State agencies rarely have the capacity, resources, and knowledge to successfully maintain all the infrastructure they manage, whether highways, sewer lines, schools, or bridges. Without consistently dedicating sufficient resources to each infrastructure need, maintenance of these systems falls by the wayside.

Besides being a powerful means of up-front financing for the construction of major projects, public-private partnerships (P3s) are a risk management tool being used worldwide to effectively maintain infrastructure over decades. Since the same party will be building and maintaining the infrastructure, it needs to consider not just construction costs, but the maintenance costs over time. In addition, the private party is usually responsible for ensuring the infrastructure’s condition at the end of the P3’s term is at least as good at the beginning, making “cutting corners” self-defeating.
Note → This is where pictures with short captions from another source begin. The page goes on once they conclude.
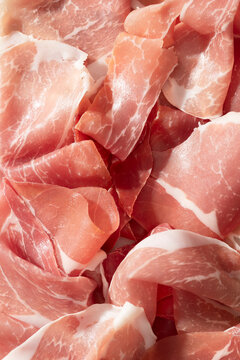 Macro shot of thinly sliced prosciutto meat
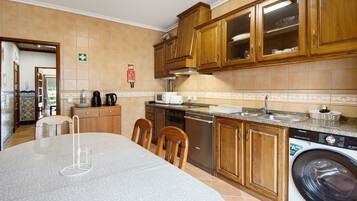 Cocina con armarios de madera, lavadora, pileta y comedor con sillas.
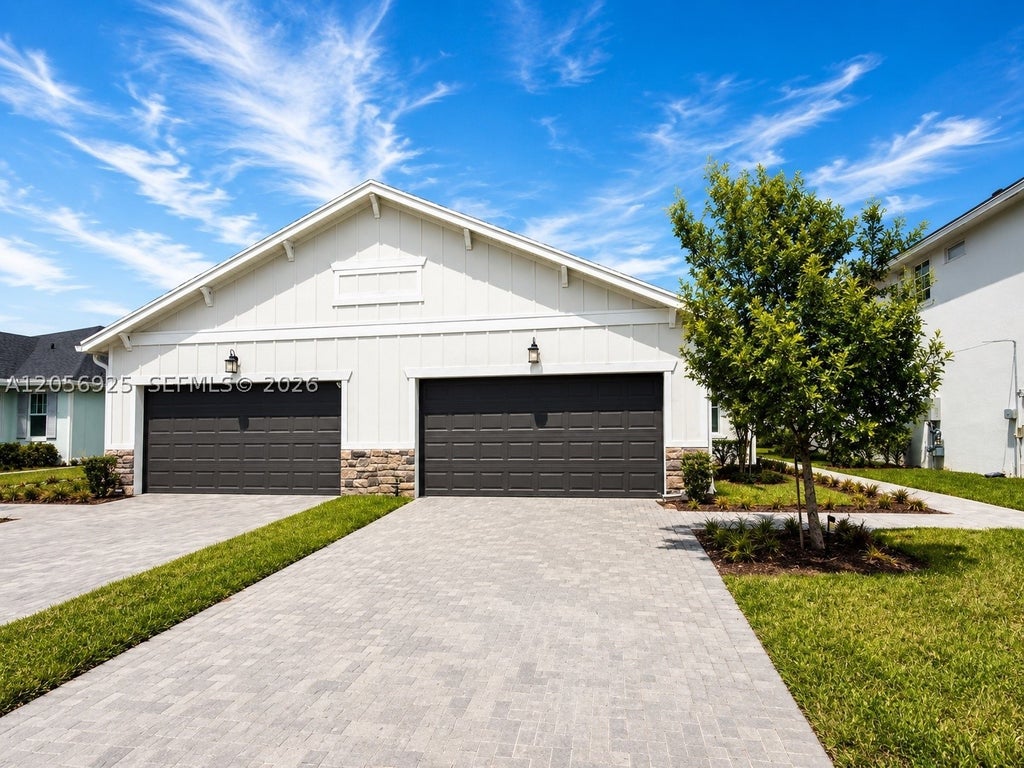 Photo of 1416 Haywagon Trl #1416, Loxahatchee, FL 33470 (MLS # A12056925)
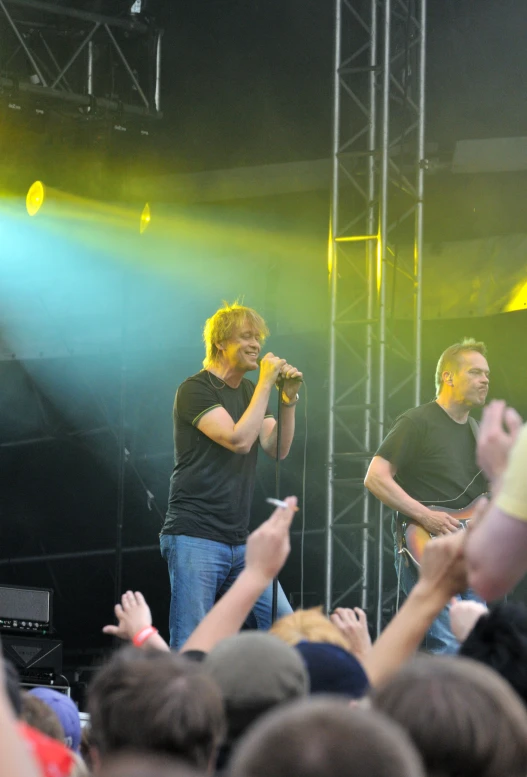 one man holding a microphone and other one wearing a black t - shirt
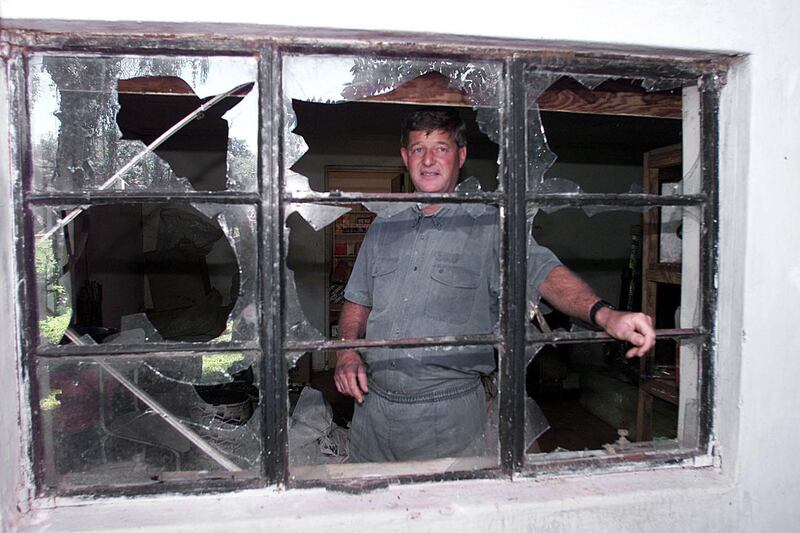 Zimbabwean farmer Paul Retzlaff stands 12 April 2000 in front of a broken window at his home in Arcturus, Gormonzi district, 30 kms east of Harare, a day after clashes broke out at his farm when drunken would-be squatters invaded the property before being repelled by black farm workers. Retzlaff said shots had been fired by the invaders, including a leading veteran of the war against white rule in the 1970s. The couple was saved after black farm workers from neighboring farms responded to a call for help over ham radio. His wife Liz said the invaders, who appeared drunk, were shouting that they had President Robert Mugabe's permission to invade the property.   / AFP PHOTO / ALEXANDER JOE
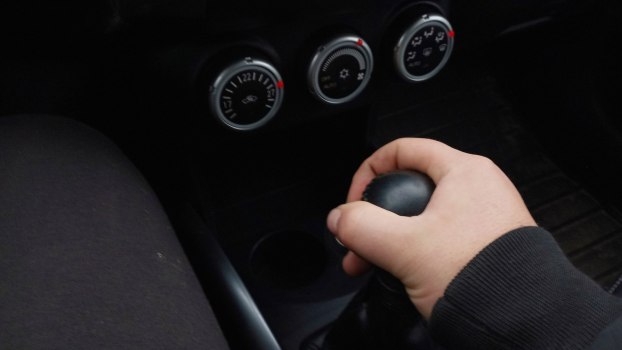 Hand holding a gearshift lever in a manual transmission. Toyota HILux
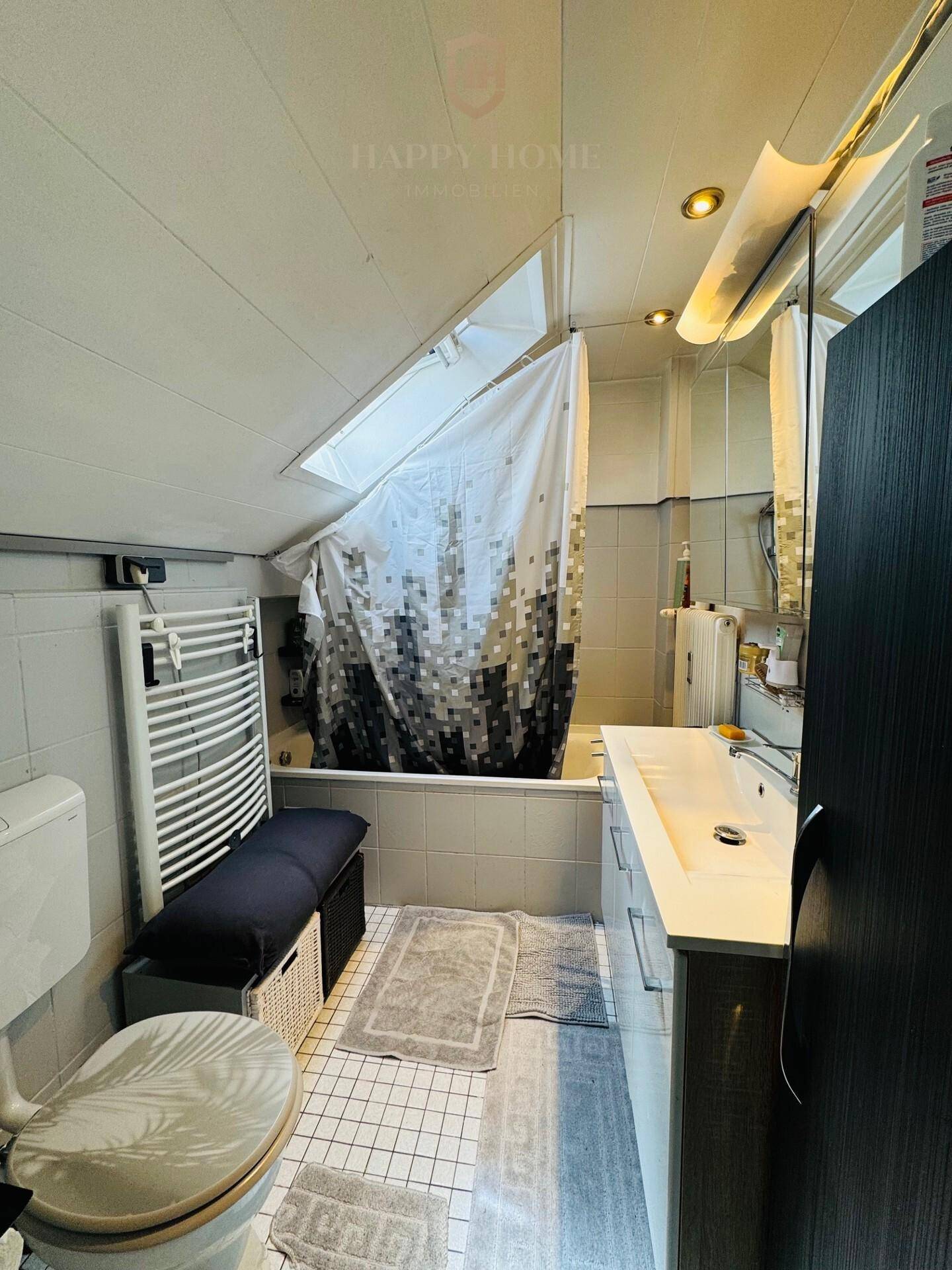 Badezimmer im Dachgeschoss mit Badewanne, WC, Waschbecken und beheiztem Handtuchhalter.
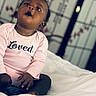 baby, child, infant, pink_onesie, clothing, face, hands, bed, white_bedspread, indoor, portrait, sitting, looking_up, curious, expression, skin, person, young_child, cute, soft_light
Without the ability to contract out for major projects, agencies are left holding all the risks associated with these projects themselves, meaning fewer undertakings, and eventually, backlogs of projects. When those project “to do” lists grow, their problems only get worse, and more costly. Ultimately, taxpayers are on the hook for these added costs.

Letting the private sector pick up some of the slack while minimizing future deferred maintenance problems need not be worrisome. When a private party is on the hook, the taxpayer gets spared, even in the event of bankruptcy. The State Road 130 P3 project in Texas, despite going bankrupt, contained no taxpayer funding and resulted in no bailout.

With public-private partnerships, Connecticut could better have timely-delivered and well-maintained infrastructure through competition and contracting. Not only does a competitive bidding process for public-private partnership yield partners capable of best meeting the state’s infrastructure goals, but P3 project agreements establish numerous performance guidelines and standards that hold contractors accountable to the agreement they entered.

Connecticut has the opportunity to further tap into the usefulness of P3s. Senate Bill 920 would allow greater numbers of agencies to participate in public-private partnerships, without separate legislative approval.

Unfortunately, not everyone sees why P3s have such promise in Connecticut. In his March viewpoint piece, “Connecticut should continue protecting itself from bad infrastructure deals,” Jeremy Mohler argues that no good can come from P3s, and states should never pursue them, despite tens of billions of dollars of P3 projects already completed or under construction, in the U.S. and countries all over the world.

If there were no value in pursuing such projects, governments would not enter them. Instead of coming to grips with the fact that many public-private partnerships end up successful—over $200 billion in major infrastructure projects last year alone worldwide according to finance publication Inspiratia—Mohler and In the Public Interest are content to point to a few cherry-picked projects that had problems, without trying to examine why those select problems happened, much less learn from them.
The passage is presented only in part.